Key to the high-level plan is to minimise or, where possible, replace human interface with technology. A common practice in the security industry, this strategy improves efficiency while reducing potential for collusion with criminal elements in a cost-effective manner.
‘By the end of 2025, a further revision may be required to adjust for identified deficiencies,’ explains Chris, adding that four main elements have been prioritised, risk assessed with timelines, and assigned responsibilities.
1. Singular service
Multiple service providers are currently involved with securing KGE, including guarding and response, technology hardware and software, perimeter fence maintenance, and access control equipment.
In future, one service provider will ensure a singular point of contact for all security-related issues, while preventing the risk of ‘blame fixing’ among contractors. Trustees have selected Fidelity/ADT as sole provider of security services and systems to KGE.
Fidelity was originally appointed after a robust tender and adjudication process undertaken in 2020; its current contract expires in September 2023.
2. Know your boundaries
The KGE perimeter boundary is the first line of defence to repel unwanted elements, to timeously detect attempted intrusions into the estate, and to respond to these swiftly.
This plan includes the use of offsite camera monitoring, the possibility of dog patrols, additional technological enhancements, and higher visibility of guards and response vehicles.
‘The basic integrity of the electric fence barrier is a given,’ says Chris.
3. Access NOT for all
The access to the estate by people and vehicles must be effectively controlled with particular emphasis on contractors and visitors. This requires optimum use of both technology and people, necessitating an upgrade of current access-control tech.
Training in the proper use of the software will have to be provided to security personnel at the gates, with contractor access at gates one and two a particular focus of this plan.
The use of car access discs will be discontinued, while homeowners are encouraged to log their visitors via ‘My Estate Life’ – watch this space for further information …
4. Central control
A separate, central point of control for security activities will be established adjacent to the contractor’s entrance at gate one. This will require the construction of a control room to house people and equipment, according to Chris.
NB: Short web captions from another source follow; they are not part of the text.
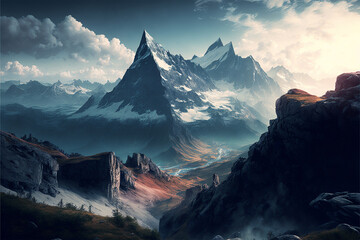 fantasy spectacular landscape of frost peak of rocky mountain Generative Ai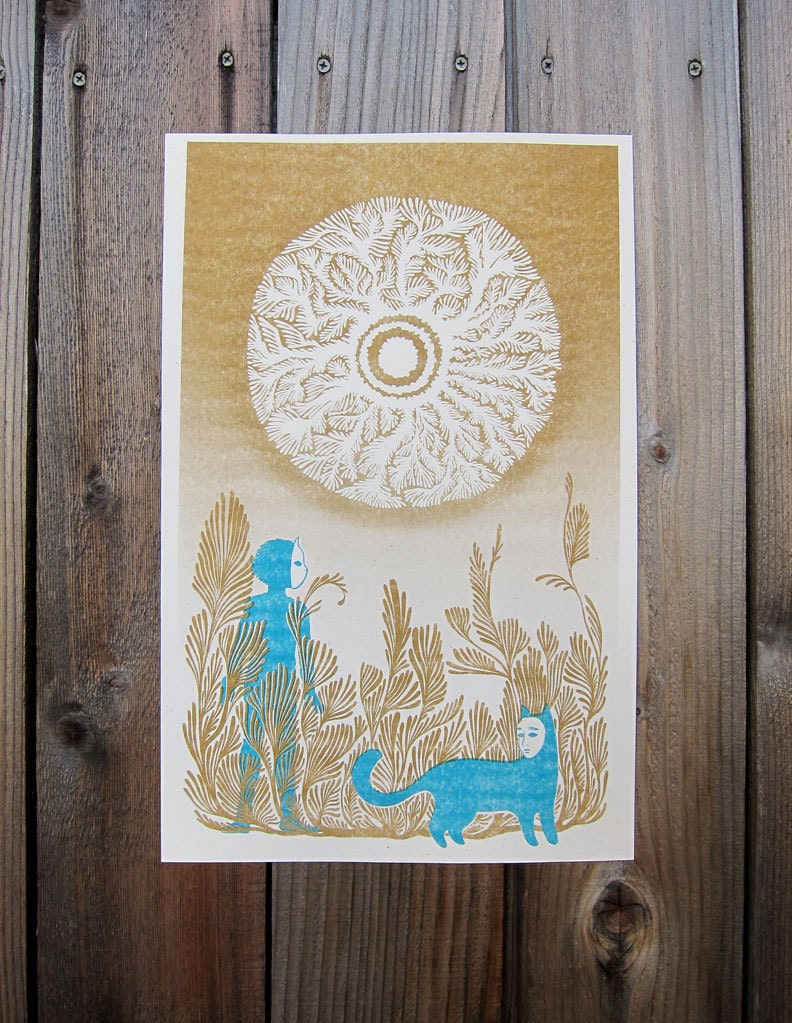 Black Cat Dance - 11x17 One Color Risograph Print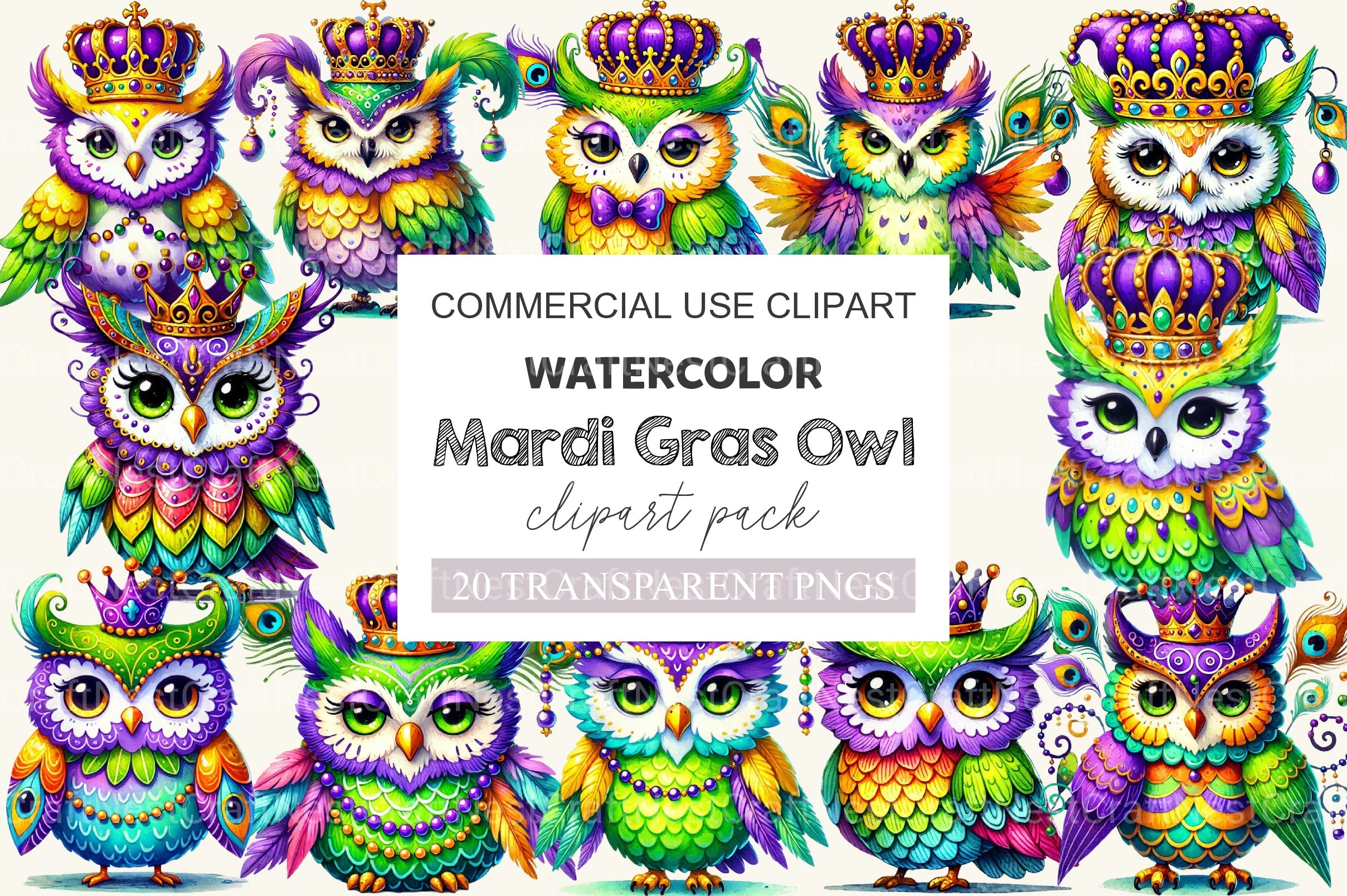 Mardi Gras Owl Clipart Bundle - CraftNest - Digital Crafting and Art
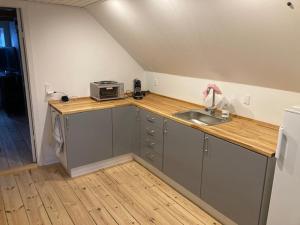 a kitchen with a counter with a sink and a microwave at 1st floor 2 rooms with kitchenette in Store Heddinge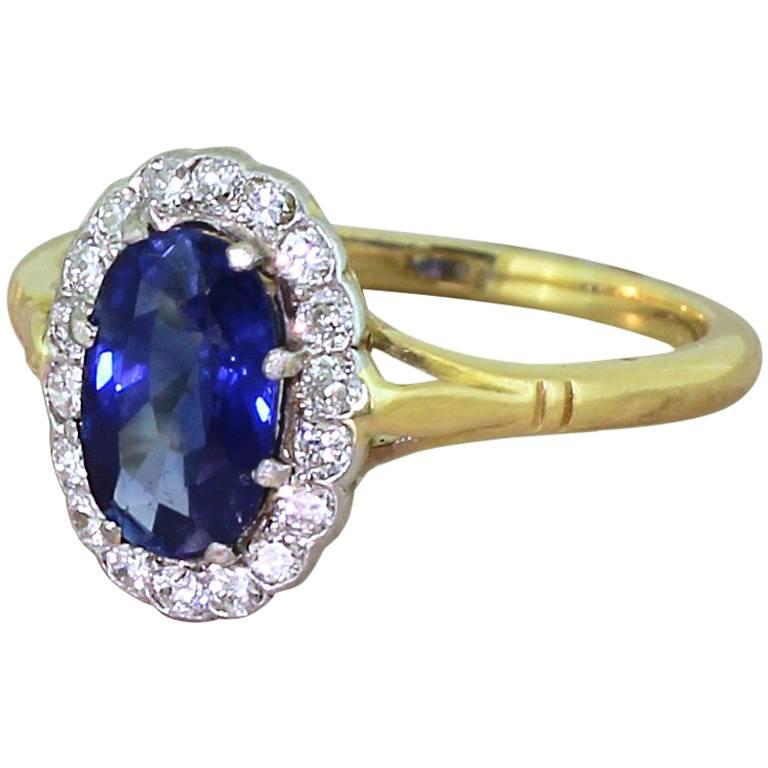 Art Deco 1.75 Carat Sapphire and Diamond Cluster Ring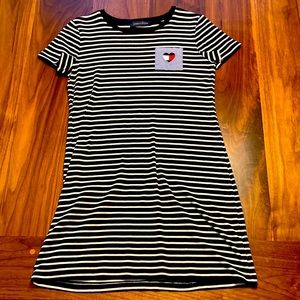 2 M shirt dresses. Pink Polo RL and blue and white striped Tommy Hilfiger.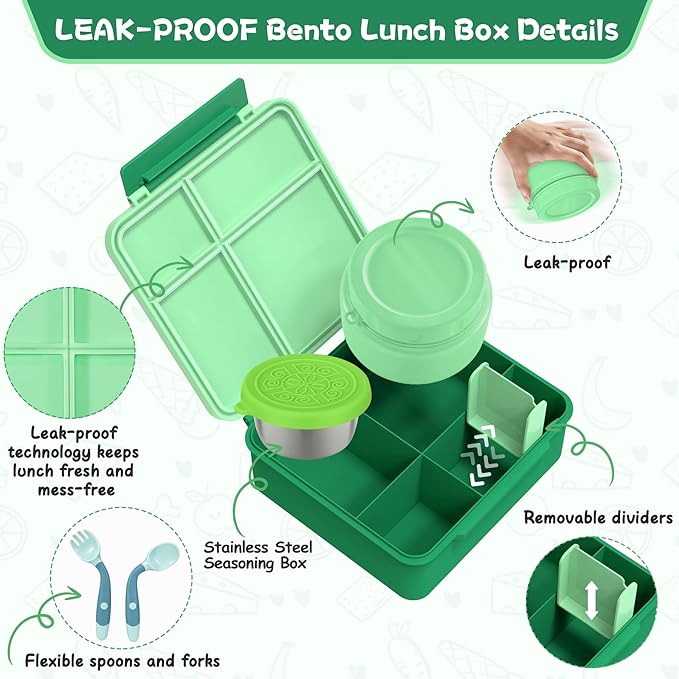 Aimsnk Kids Bento Lunch Box with 8oz Soup Thermo, Kids Leakproof Lunch Food Containers with 4 Compartment,Insulated Hot Food Jar with Lunch Bag for School, Travel (Green)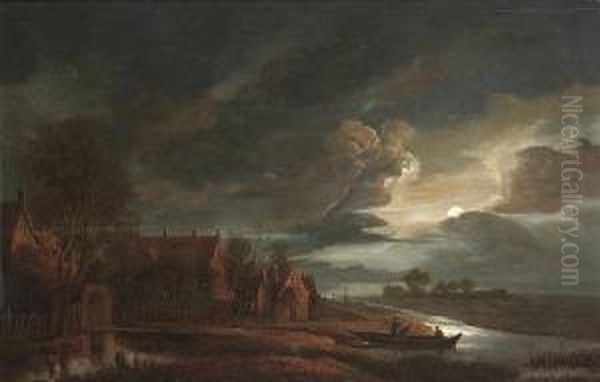 A Moonlit River Landscape With Figures In A Boat With Village Buildings Along The Bank Oil Painting by Anthonie Van Borssom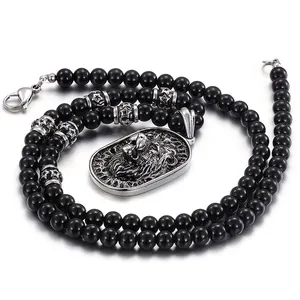 Lion Head Pendant Beaded Necklace Stainless Steel Glass Beads Punk Hip Hop Ethnic Style For Men Women Retro Jewelry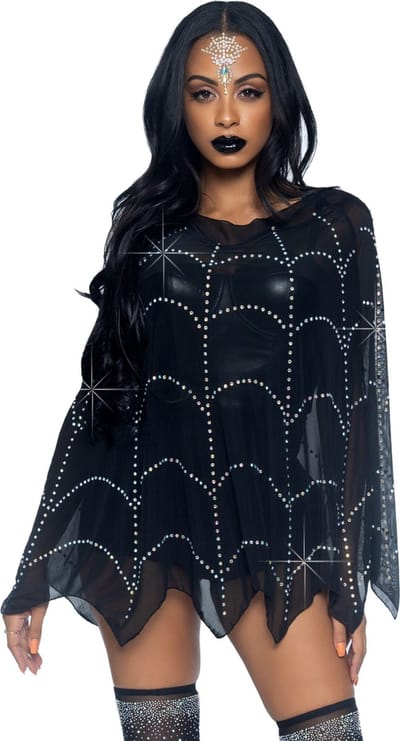Dames transparante poncho met strass Leg Avenue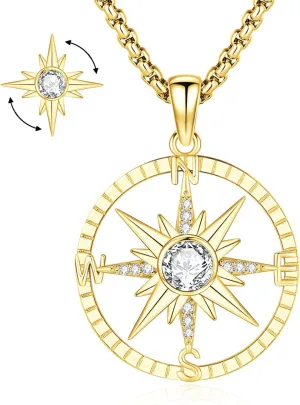 Eusense Compass Necklace for Women Men Sterling Silver 925 Compass Pendant Compass Jewelry Womens Mens Gifts for Her Him Birthday Graduation Anniversary Valentines Female Male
He says the main advantage of such a central point is to remove distractions from those guards tasked with monitoring cameras on the estate.
Keeping up with tech
The safety of all homeowners remains a priority, and is high on the agenda of the HOA trustees. They believe security will be improved and enhanced by the execution of focused interventions as outlined above, in a cost-conscious and reasonable manner.
The increased use of updated technology is inevitable, albeit that technological enhancements become outdated almost as soon as they are implemented. It is intended to benchmark the security effectiveness at KGE with other estates on a national and local level at least six-monthly, and to measure performance of the security service provider at least annually.
‘Some of the security improvements in the above plan can be accommodated in the existing financial budget for the remainder of 2022, while the balance will need to be provided for in future budgets,’ he concludes.